What the ever-prophetic Du Bois invoked in 1959 are admonitions the NAACP are very wary of today as it prepares to celebrate its centenary. During its century-long battle for justice and equality, the nation’s largest and oldest civil rights organization has taken on most of the issues Du Bois raised and those milestones of achievement are embedded in the nation’s history. “We’ll be celebrating the centennial, but at the same time we’ll be preparing for the future. The future for us will be rich,” the organization’s newest and youngest executive director, Ben Jealous, promises.
The real success of the NAACP, Jealous adds, has been its wise decision to pick big goals and to exert discipline in pursuit of them. The organization must now continue to invest “in stoking the outrage in this country — the righteous, rightful outrage for the massive mistreatment of young people, for the failure to educate young people, for the failure to train and to educate adults who were failed as young people,” he says.
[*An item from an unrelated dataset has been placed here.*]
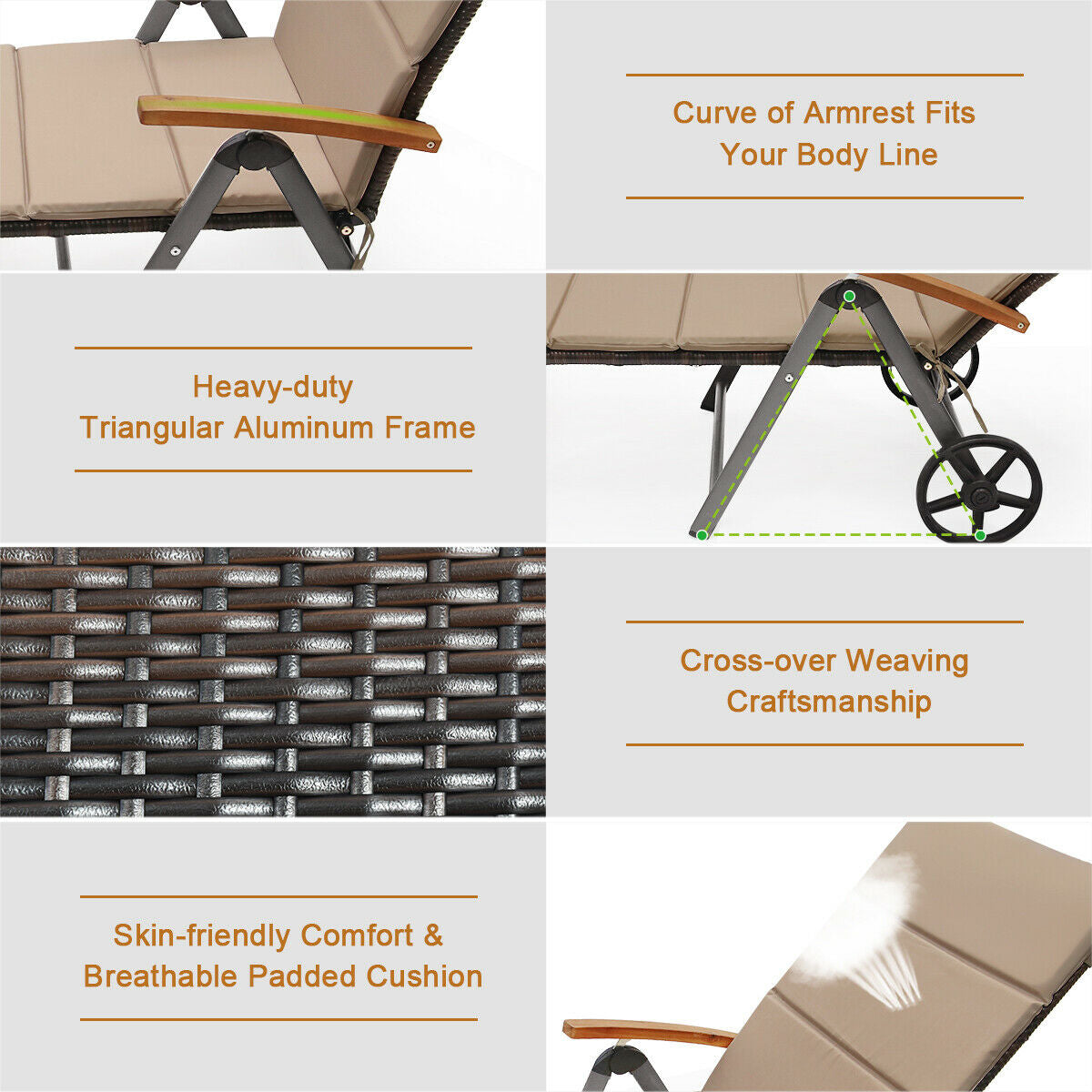 Outdoor Chaise Lounge Chair Rattan Lounger Recliner Chair, Brown Outdoor Chaise Lounges at Gallery Canada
“Our job is to tap into that sense of injustice, and then to focus that energy on policy solutions that make the country better for all of us,” he told a reporter at U.S. News & World Report in September.
The election of Barack Obama, an African-American, as the 44th president of the United States was made possible by decades of work by the NAACP, Jealous explains. “Voters [are getting] used to the notion that people who have brown skin or curly hair can lead them. So this is a great moment.”
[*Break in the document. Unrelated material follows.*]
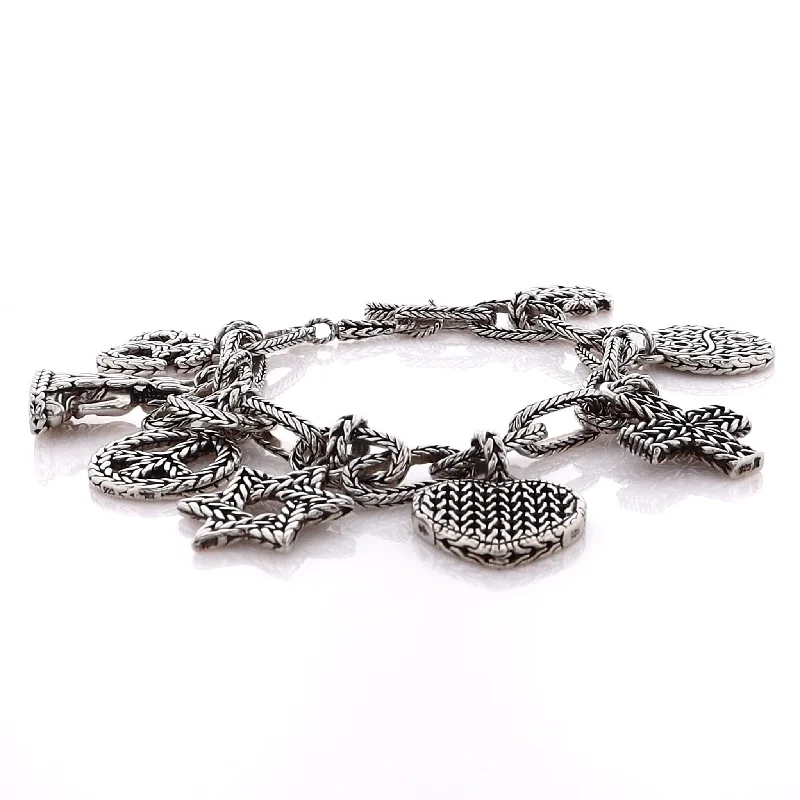 women layered bangles -Estate John Hardy Sterling Silver Carved Chain Multi-Charm Bracelet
In 1973, when Jealous was born, the NAACP was embroiled in two long-standing lawsuits involving segregation in the Detroit Public School system and discriminatory seniority lines of promotion at U.S. Steel and the United Steelworkers of America. Both cases ended in victories for the organization. The latter included a court-ordered systematic promotion of Black workers and imposed goals and timetables for hiring Blacks in hitherto all-white job classifications. Du Bois would have cheered these developments.
Whether you go back beyond 1973 or forward to the present, the NAACP has been at the forefront — against police brutality; in the landmark court decision of Brown v. Board of Education; in its commitment to the anti-lynching campaign; its defense of the unjustly accused Scottsboro Boys; and in its ongoing advocacy for voting rights and opposition to the death penalty.
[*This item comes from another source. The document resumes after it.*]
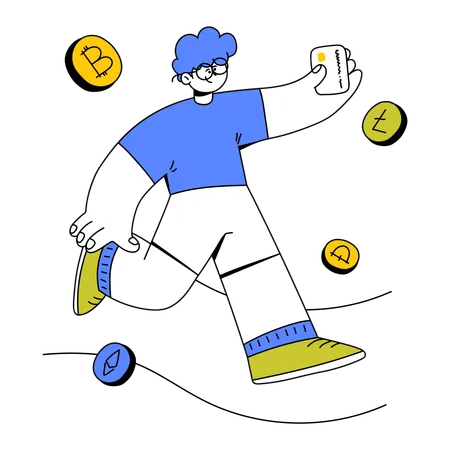 Man Running With Card To Buy Cryptocurrency  Illustration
“What makes us different from many organizations in this country,” Jealous says, “is our track record for successfully transforming this country for the better; not just for Black people, for some people, but for all people in this country, over and over again.”
Du Bois addressed this very notion at a conference whose attendees would later be charter members of the NAACP. “Its net result,” Du Bois said of the initial meeting of delegates, “was the vision of future cooperation, not simply as in the past, between giver and beggar — the older ideal of charity — but a new alliance between experienced social workers and reformers in touch on the one hand with scientific philanthropy and on the other with the great struggling mass of laborers of kinds, whose condition and needs know no color line.”
That credo and proposal remain at the core of the NAACP’s mission and that mission at 100 years is by no means sclerotic or diminished. The operative word, as ever, is “advancement.”